# My Final Year of University



## Fuzzy Logic (Sep 16, 2009)

I have only recently begun to finally make a real effort to confront my problems. So far I have drifted through the last two years of university without making any friends or participating in any social events. I would like to do at least some things in the one year I have remaining.

I have already signed up to one of the societies they run at university and am planning to go to the next freshers week and see what's there.

However, is it too late? I mean, I've been by myself all that time and now a lot of people might recognise me as that wierd guy who hangs out by himself all the time. They say first impressions are what counts and I think I may have already blown mine.


----------



## Karuna (Sep 22, 2009)

I understand what you mean when you say that first impressions count for everything. I suffer from that same kind of thinking too where I begin to believe that I've established myself as a kind of loner, quiet kid and that coming out of my shell, whether it be at social events or participating in class, will draw attention to myself.
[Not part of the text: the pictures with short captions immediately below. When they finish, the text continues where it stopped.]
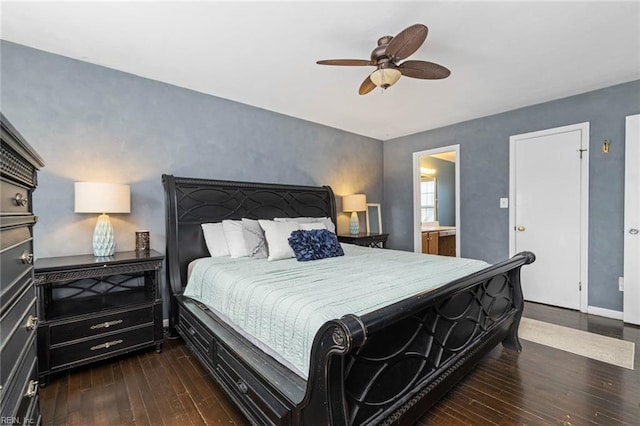 bedroom with connected bathroom, baseboards, dark wood-type flooring, and a ceiling fan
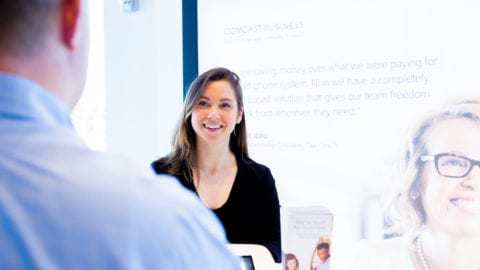 Woman speaking to Comcast Business employee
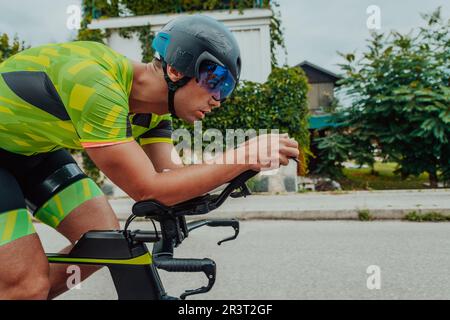 Portrait complet d'un triathlète actif en vêtements de sport et avec un casque de protection à vélo. Mise au point sélective Banque D'Images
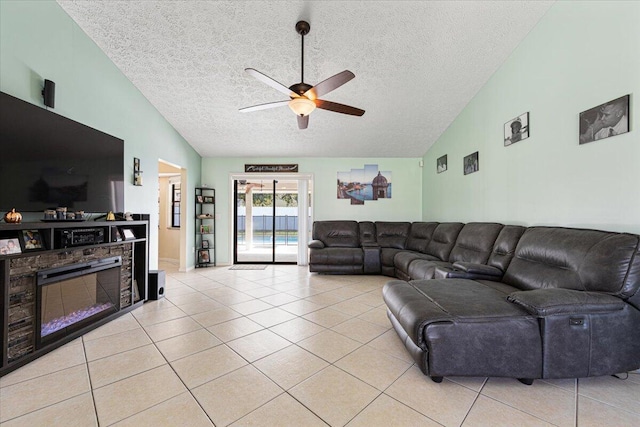 living room with ceiling fan, a textured ceiling, high vaulted ceiling, and light tile patterned floors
From my own experience that kind of thinking will only dig a deeper hole for yourself and provides a kind of justification for your SA. No one classifies and judges you the way you think they do. You're not "that guy" that everyone thinks is weird and strange, it's all in your head. Think about your own thought process: If someone who has a reputation for being quiet suddenly shows up for a social event or speaks up in class, do you really care? I for one couldn't care less because I don't pay attention to little things like that and I think the same can be said for just about everyone else. It's never too late.


----------



## jordo (Sep 3, 2009)

Never too late.


----------



## ringfortheking (Sep 22, 2009)

Nothing's too late bro.

Check this page out, http://www.selfmadeeasy.com

It might be able to help you with what you're going through right now.


----------



## cellophanegirl (Sep 21, 2009)

Ugg, i think you're me!! I'm a junior this year in college, and I do have a couple people I consider "friends" although most of them hardly ever call me or make an effort to hang out with me. I told myself this year would be different, so I joined some different clubs and organizations etc. The thing is... it seems like all the clubs are populated by freshman, and I'm having a really hard time meeting people still. 

What kind of "society" are you talking about? Is that like a frat or something? my school doesn't have those. 

Let me know how it goes!! If it goes well, maybe you could offer me some tips


----------